«E il governo ci ha anche tolto 40 milioni». No, no e (forse) ancora no. Luca Zaia non firma. «Alle prese in giro io non ci sto» sentenzia il governatore e quindi il decreto della protezione civile che dovrebbe ri-nominarlo commissario per l’alluvione in Veneto, dopo la fase intermedia condotta dal prefetto di Verona Perla Stancari (Zaia era già stato commissario nell’emergenza), verrà rispedito al mittente, a Roma, senza il via libera di Palazzo Balbi.
«Vedremo se formuleranno un’altra proposta – spiega il governatore – o se decideranno di andare avanti comunque, d’imperio, senza che sia stata trovata l’intesa». Nel frattempo resta il vuoto: gli uffici dovranno procedere con l’ordinaria amministrazione, senza una guida istituzionale.
Il perché di questo ennesimo conflitto aperto con il governo Monti, lo spiega lo stesso Zaia, precisando che «non vi è alcuna ragione politica», come potrebbe far pensare il cannoneggiamento quotidiano della Lega sul premier, si tratta di una querelle meramente tecnica: «Premesso che contrariamente a quel che aveva annunciato qualcuno (il sindaco di Vicenza Achille Variati, ndr.) non è mai stato firmato alcun decreto che mi assegnasse poteri speciali nella gestione post alluvione, stiamo ancora attendendo il provvedimento per il passaggio delle consegne dal prefetto Stancari, il cui mandato è scaduto il 30 novembre, al sottoscritto. O meglio, stiamo attendendo un provvedimento che contenga quel che noi abbiamo richiesto, ossia i poteri speciali utili a sveltire la realizzazione delle opere anti catastrofe, a cominciare dai bacini di laminazione». Il governo non ci sente: da tempo ha stabilito che, salvo rarissime eccezioni, le gestioni commissariali non saranno rinnovate e, nel caso specifico dell’alluvione in Veneto, non solo non saranno prorogati i poteri derogatori in materia ambientale e di esproprio, ma dovrà pure essere smantellata la squadra del commissario che da due anni si sta occupando della vicenda, in tutto nove persone. «A questo, già di per sé inaccettabile – continua Zaia -, si aggiunge il fatto che lo schema di accordo inviatoci da Roma non ci permette di dirottare sulle opere i 40 milioni di euro risparmiati nei risarcimenti ai privati ed alle imprese». La tesi del governo, sostanzialmente, è: quei denari li ha messi lo Stato, dunque se non sono stati utilizzati, allo Stato devono tornare. E’ il paradosso della «virtuosità punita», arcinoto a queste latitudini.

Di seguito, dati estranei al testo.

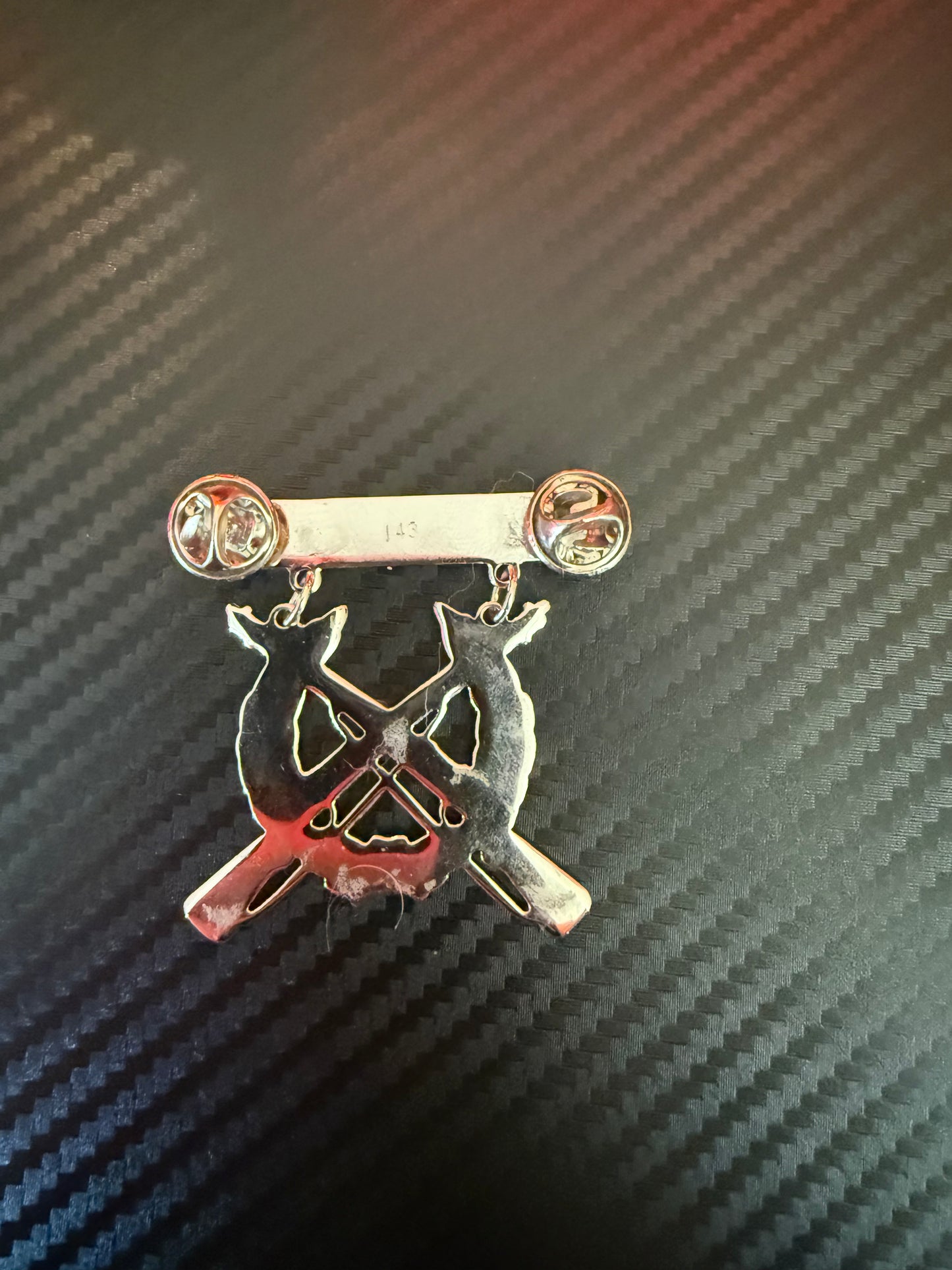 Vietnam era marine Corps issue medal pin and ribbon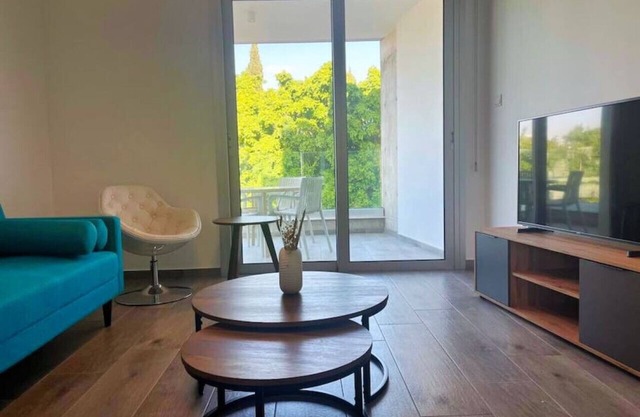 Phaedrus Living: Coral Suites Allure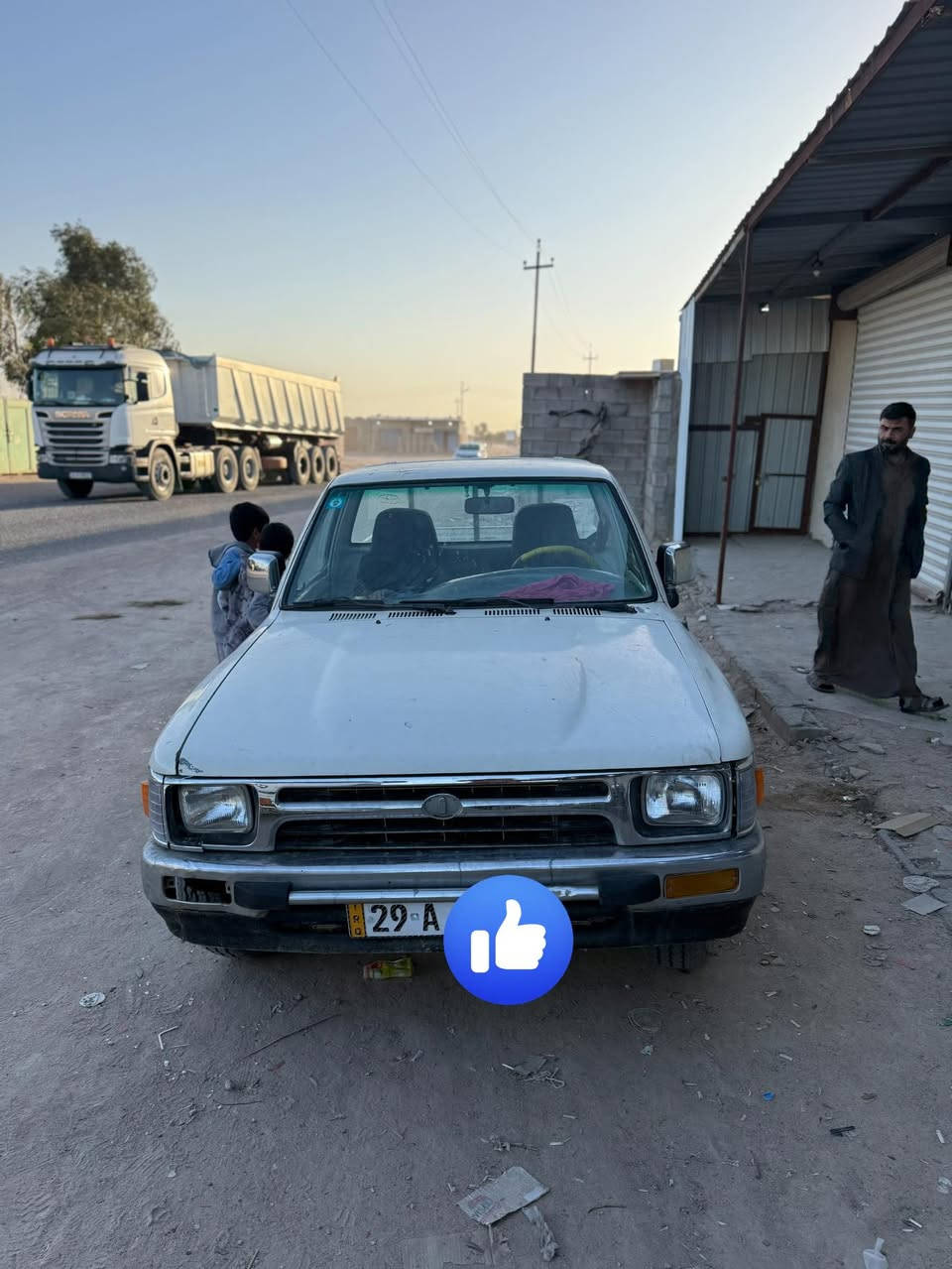 السلام عليكم سيارة بيكم موديل 1989سعر 70وبيه مجال رقم دولي مميز سياره بسمي تحويل ثاني يوم المكان البصره الزبير 
***********
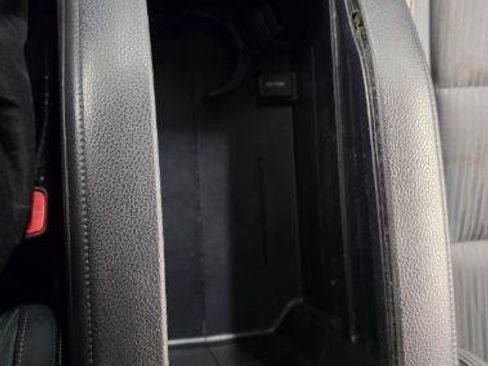Used 2019 Toyota Highlander Plus AWD/4WD image 28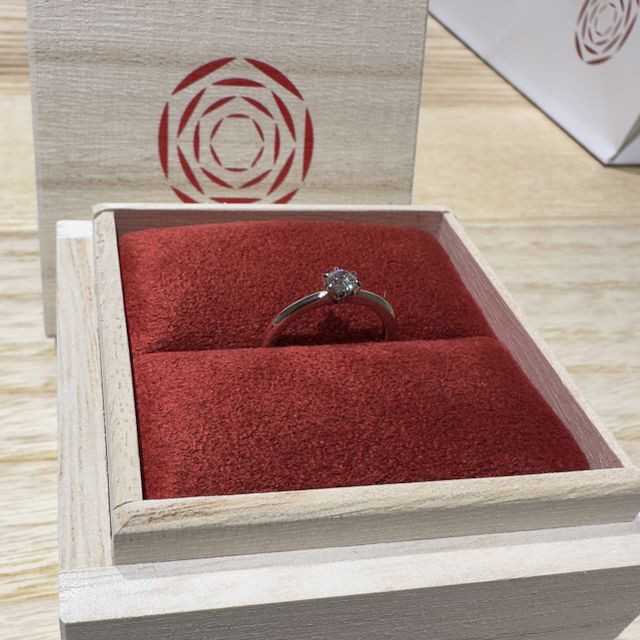 【出雲結(いずもゆい)の口コミ】 シンプルなデザインの指輪にしたくて、シンプルなデザインを選びました。…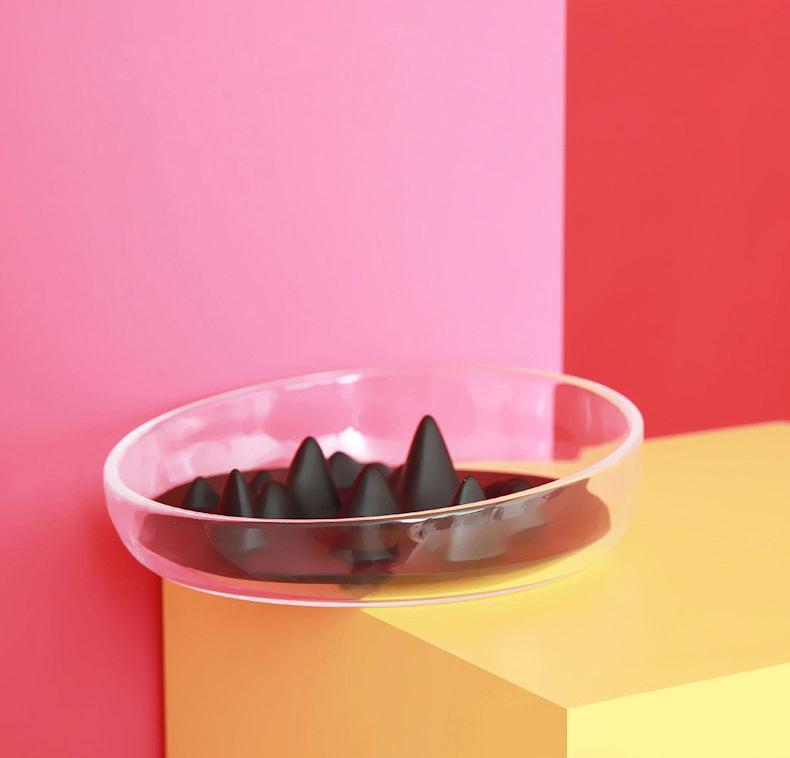 Pet Life ® 'Cirlicue' Shark Fin Shaped Modern Slow Feeding Pet Bowl - P's One-Stop Shop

Zaia lo ribadisce più volte nel corso dell’incontro con i giornalisti: è «indignato». Per due ragioni: «La prima è che questo schema di accordo viola il rapporto di fiducia tra il Veneto e lo Stato. Ogni atto che abbiamo firmato in materia di alluvione è passato al vaglio della Corte dei conti, abbiamo dimostrato di saperci fare, con competenza. E allora perché negarci i poteri speciali che ci permetterebbero di mettere in sicurezza il nostro territorio? Che paure hanno?». La seconda ragione, invece, attiene al messaggio: «Nel momento in cui firmerò l’intesa e i poteri verranno trasferiti dalla Stancari al sottoscritto, i veneti penseranno: benissimo, ora Zaia ha l’arma per fare i bacini. E invece così non è, perché quei poteri speciali non me li vogliono dare. E allora mi spiace tanto ma io non ci sto a fare il capro espiatorio». La conseguenza è che la macchina chiamata a realizzare i bacini di Caldogno e di Trissino, di Fonte e Riese Pio X, di Prà dei Gai e Montebello, di Torri di Quartesolo e Vicenza, di Soave e Montecchia di Crosara e Sant’Urbano (262 milioni di euro il totale) non si fermerà ma certo dovrà procedere a marce ridotte. A meno che il capo della protezione civile Franco Gabrielli non riesca a convincere il governo ad allargare le sue maglie: «Non ce l’abbiamo con Gabrielli – chiude Zaia – sappiamo benissimo che è stritolato da logiche economiche che gli vengono imposte dall’alto. Ma a queste condizioni la mia risposte è e rimane: no».